3 Ways to Bring Value to Healthcare Benefits
There are times in everyone’s life when you hit the proverbial wall—a moment when being direct is your only option. This is one of those times.
About a year ago, I provided an overview in my Human Resource ExecutiveÒcolumn of value-based healthcare and value-based insurance design, along with a rationale and practical steps to help benefits leaders implement this approach in their healthcare design. I commonly use an educational approach when I’m introducing a less-understood topic but, to be honest, I secretly hope I inspire people to act on the shared information. (That’s probably unreasonable on my part.)

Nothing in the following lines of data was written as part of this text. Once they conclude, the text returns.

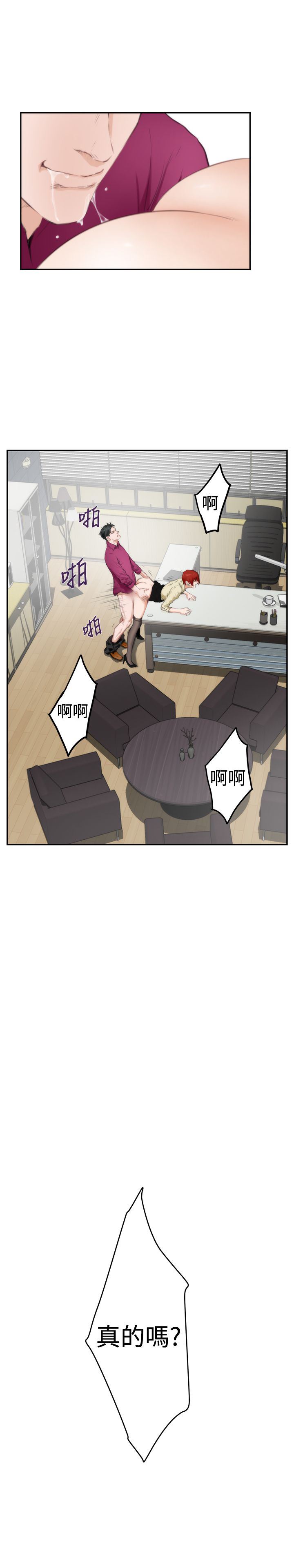 好友同居：第87话 -好友同居-无名（第19张）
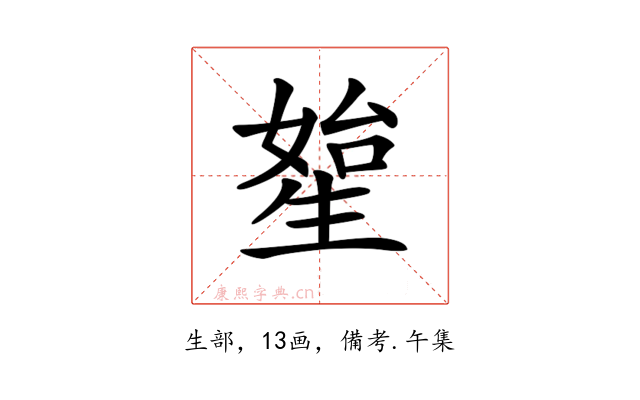 𤯯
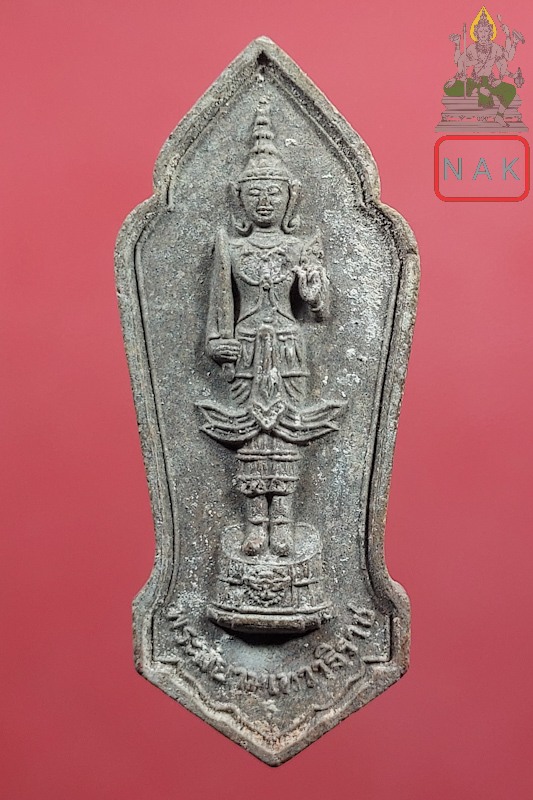พระสยามเทวาธิราช รุ่นแก้วสารพัดนึก วัดอรุณราชวราราม(8)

To be completely transparent, I’m actively involved with others in my home state to bring value-based healthcare to our residents. I’m also pleased to say we are making progress—especially when it comes to ongoing work by the state of Connecticut. But here’s the thing. Our efforts are taking too long—and the same can be said about similar initiatives across the U.S.
The linchpin to moving people to a value-based healthcare model is you, dear readers: human resource executives and benefits leaders. While some of you are definitely on board, we need more. According to a recently published Willis Towers Watson survey, 6 percent of employers said they directly negotiated with healthcare providers in 2017 for both quality and cost outcomes (the 1-2 punch needed to deliver value), while 22 percent of them indicated they planned to negotiate directly or would consider it in 2019. A good start, certainly, but for someone like me, this feels like too little. And here’s why.
In my private life, I coach and counsel people who are dealing with difficult diagnoses. This is not a formal arrangement, and I do not dispense medical advice. This volunteer work developed on its own when people who’d either heard me speak about healthcare or read my writings asked if I could walk a relative or friend through how to read research and advocate for themselves. At any given time, I’m in contact with two to four people in active treatment. All of them are working-age adults who are juggling job demands, family and their health.
A few days ago, a woman I’ve worked with for the last year shared new information that rocked me to my core. She was diagnosed with rheumatoid arthritis. At first blush, this may seem sad but hardly earth-shattering news—further evidence that life is almost never what it appears to be on the surface.
Almost 10 years ago, when Cynthia (the person’s name is changed for privacy reasons) was approximately 40, she saw an orthopedist for bilateral foot pain that was so severe she stopped running, hiking and taking long walks. In order to fall asleep at night, she iced her feet before bed.
Unfortunately, the physician dismissed Cynthia and her reports of pain—something that happens to women more frequently than men. Since that visit, she consulted eight other physicians over seven years with her continued foot complaints and new symptoms of elbow pain and hand numbness.
Last year, Cynthia felt something odd in her breast. Her gut feeling told her this wasn’t a benign cyst and she was right. Cynthia had stage three triple-negative breast cancer, an aggressive form of cancer that affects approximately 20 percent of breast-cancer patients and has the lowest survival rate.
Cynthia chose treatment at one of the National Cancer Institute’s 49 comprehensive cancer centers and was given a somewhat hopeful prognosis.
Cynthia began neoadjuvant chemotherapy, with the hope of shrinking her tumors before surgical removal. The tumors responded to treatment immediately, but one main complication developed over time. The pain in her feet became worse. Chemotherapy-induced peripheral neuropathy in the feet and hands is a common side effect of her treatment protocol, and the oncologist believed this was the cause. Cynthia did not believe she could tolerate any more pain in her feet, so her medical oncologist took her off this plan, since she’d already made good progress. She then began a more traditional approach to chemotherapy.
This time, Cynthia did not respond well. Her tumors began to grow again while she was receiving the new chemotherapy, which is an unusual response. She had an emergency mastectomy to improve her chances of longer-term survival.
Cynthia recovered well and was able to return to work and horseback riding, the only activity she could participate in without worsening her foot pain. Her medical oncologist placed her on a pill form of maintenance chemotherapy to prevent progression of her disease. But Cynthia’s body rebelled again, this time giving her severe hip pain. Her oncologist stopped the treatment plan.
When Cynthia’s hip pain didn’t resolve, her medical oncologist referred her to a neurologist who diagnosed her with rheumatoid arthritis. Her medical oncologist is distraught because Cynthia twice stopped effective treatment for her cancer because of symptoms related to her undiagnosed RA. Her concern for Cynthia is two-fold.
First, physicians can most effectively treat RA when it is diagnosed early. Cynthia’s presenting symptoms seven years ago were classic for the disease.
Second, Cynthia’s missed diagnosis of RA negatively impacted her best chance for long-term survival of triple-negative breast cancer.
You may read this story and believe Cynthia’s experience is rare. Your assumption is wrong.
In 2015, the National Academy of Medicine reported that most people will receive an incorrect or late diagnosis at least once in their lives, sometimes with serious consequences. It cited one estimate that 12 million people—about 5 percent of adults who seek outpatient care—are misdiagnosed annually. The report also noted that diagnostic error is a relatively undermeasured and understudied aspect of patient safety.